Zaczęło się od wybicia szyby w samochodzie. Sprawca stłukł ją gołą pięścią. Bezskutecznie próbował uszkodzić kolejną. Kobieta, która widziała zdarzenie z balkonu, spytała dlaczego mężczyzna tak postępuje.
Wtedy szaleniec zaczął wrzeszczeć, że wszystkich pozabija i wrócił do swojego mieszkania. – Po chwili wyszedł z niego z potężną siekierą – pisze do nas świadek zdarzenia proszący o anonimowość.
Narobił sporo popłochu. Strachu najadł się zwłaszcza kierowca samochodu, który chciał przestawić pojazd i pechowo auto mu zgasło. Szaleniec z siekierą w dłoni biegł w stronę mężczyzny. Ten zachował jednak zimną krew, wyszarpał mu niebezpieczne narzędzie i wyrzucił je w krzaki.

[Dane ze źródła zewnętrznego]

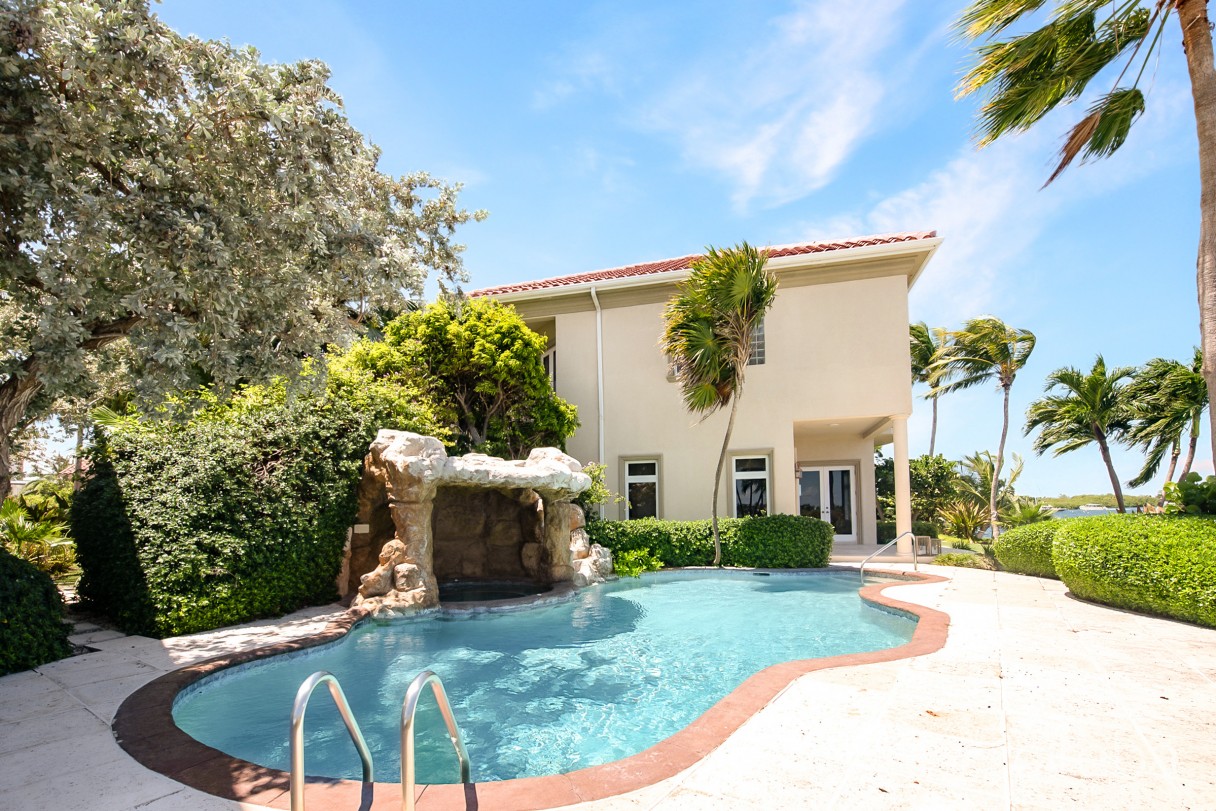 Viscaya Home, Governor's Harbour Creek - Image 7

Awanturnik dobył jednak sztylet i zemścił się na swoim pogromcy przebijając mu opony w samochodzie. Potem uciekł do mieszkania.

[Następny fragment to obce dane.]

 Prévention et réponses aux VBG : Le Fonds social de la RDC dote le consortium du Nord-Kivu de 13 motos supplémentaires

Na miejsce „horroru” przybyli policjanci: w sumie kilka radiowozów, bo funkcjonariusz, którego zawiadomiono o dramacie, poprosił o wsparcie. Policjanci z trudem obezwładnili szalonego człowieka. Wezwano pogotowie ratunkowe. Lekarz zaaplikował mężczyźnie środki uspokajające, a policja zabrała go do izby zatrzymań.
Okazało się, że przyczyną furii mieszkańca była śmierć jego kotki, która została przejechana przez samochód. Zwierzę miało kociaki. Sąsiedzi sugerowali, że mężczyzna był pod wpływem narkotyków.
Sprawą zajmie się policja. O stanie psychicznym sprawcy najpewniej wypowiedzą się biegli. Za stworzenie zagrożenia utraty zdrowia lub życia szaleńcowi grozi kara do pięciu lat więzienia.